Knowing the global behave of the structure and the stress distribution during such conditions will allow the preparation of better designs, so analysis should be dedicated and delicately performed. To demonstrate the importance and risk associated, a study for the global response of WTIV in semi-submerged condition is performed characterizing the global behave of the structure and comparing it against the common design load case, the survival condition in extreme response.

A simplified structural model of a WTIV is used. Subsequently a CFD Hydrodynamic analysis coupled with a FE solver is performed to verify load increments during exposure to different sea states in the conditions mentioned. The analysis proposed is a Deterministic Linear QuasiStatic analysis where dynamic effects are modelled by modifying the FE model with additional inertial loads acting on the hull center.

Inertial wave loads acting on the body are determined by Potential Flow Theory solving the diffractive potential. Pressure distribution around the hull is calculated applying Panel Method with direct numerical integration over the surface. Additionally, Morison formulation is used to determine drag forces acting on the legs and later applied and solved on the FE model. Current profile is modelled as a constant of 5 m/s along the sea bed, used for drag linearization.
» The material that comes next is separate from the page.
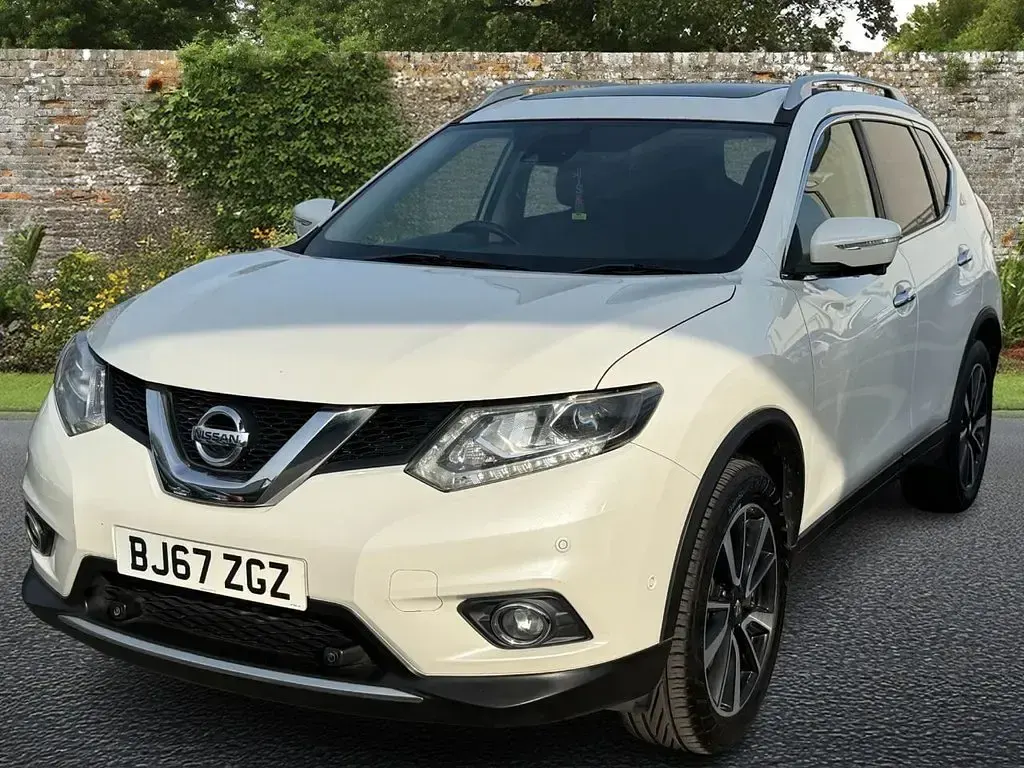 Used Nissan X-Trail Tekna 130 HP (95 kW) 2017 White SUV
Different geometrical configurations of the semi-submerged condition are investigated by varying the water depth. The structure response is characterized: verifying the dynamic effects of the structure for the semi-submerged condition, comparing the structure response against the survival condition, varying the percentage of weight carried by the legs during the transient phase. Cases are evaluated and reported where hull displacements, base shear, vertical forces and overturning moment are reported for every case.

The study resulted in some interesting findings and discernments. It is uncovered that the semisubmersible condition represents a high risk operational condition that should be considered during the vessel design to reduce operational risk.